Several commenters to my previous posts about New Orleans have plumped for Sen. John Edwards, citing his decision to use New Orleans as a backdrop for the announcement of his candidacy as evidence of his commitment to the cause of the city. (Me, I felt it was evidence of his commitment to a good backdrop.)
So today on MSNBC, Chris Matthews showed part of his interview with Edwards (as well as Clinton and Obama) at the AFSCME convention. At the end of a long answer to a question asking for "grand ideas" from the Democrats, Edwards said, "New Orleans is a national disgrace, something should be done about that." Neither grand nor an idea, just a sentiment brimming with emptiness.

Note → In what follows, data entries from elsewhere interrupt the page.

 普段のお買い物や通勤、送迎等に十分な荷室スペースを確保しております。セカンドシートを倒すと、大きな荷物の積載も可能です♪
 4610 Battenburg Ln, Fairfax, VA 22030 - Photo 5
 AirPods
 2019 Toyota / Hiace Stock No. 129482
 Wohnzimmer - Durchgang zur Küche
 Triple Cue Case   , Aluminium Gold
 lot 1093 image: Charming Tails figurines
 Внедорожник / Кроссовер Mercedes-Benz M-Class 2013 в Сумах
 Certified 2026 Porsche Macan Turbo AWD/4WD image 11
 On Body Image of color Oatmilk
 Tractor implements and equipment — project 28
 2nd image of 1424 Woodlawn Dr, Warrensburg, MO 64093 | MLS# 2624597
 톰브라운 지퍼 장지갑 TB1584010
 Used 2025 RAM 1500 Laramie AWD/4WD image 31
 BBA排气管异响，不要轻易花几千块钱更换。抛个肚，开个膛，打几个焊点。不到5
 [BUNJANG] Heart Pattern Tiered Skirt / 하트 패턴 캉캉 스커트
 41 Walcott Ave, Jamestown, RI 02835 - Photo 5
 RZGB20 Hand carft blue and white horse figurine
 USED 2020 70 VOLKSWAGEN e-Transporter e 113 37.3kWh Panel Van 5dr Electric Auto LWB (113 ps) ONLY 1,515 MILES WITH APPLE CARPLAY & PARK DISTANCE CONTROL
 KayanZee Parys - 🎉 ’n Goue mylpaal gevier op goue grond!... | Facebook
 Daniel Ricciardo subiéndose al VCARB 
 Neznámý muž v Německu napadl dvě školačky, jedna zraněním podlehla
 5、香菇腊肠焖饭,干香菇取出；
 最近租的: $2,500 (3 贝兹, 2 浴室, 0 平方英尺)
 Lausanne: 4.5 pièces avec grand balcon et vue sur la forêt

Fortunately Matthews followed up (you heard it here first!), and asked Edwards to expand on the subject. What followed was a litany of half-truths followed by the most cliché of accusations. He claimed that in the 9th ward and "St Bernard's (sic) Parish," "nothing has changed." I was in St. Bernard Parish and the lower 9th on Friday, and while there's plenty -- more than plenty -- of work to be done, citizens and volunteers have accomplished some amazing things, and the evidence is on the streets. But still, given the opportunity actually to tell us his vision of what went wrong and what should be done, all Edwards could come up with was "failure of Presidential leadership," and his already tired "I'd have a person in my office, and every day I'd ask him what he did yesterday to help New Olreans" riff. No mention of levees, no mention of coastal restoration, no mention of the dysfunctional Road Home program -- no specifics whatsoever, unlike his very detailed prescriptions for health care, for third-world economic aid, for a myriad of other issues.
It's almost as if, despite his touted many visits to the city, everything he knows about New Orleans he learned from Anderson Cooper.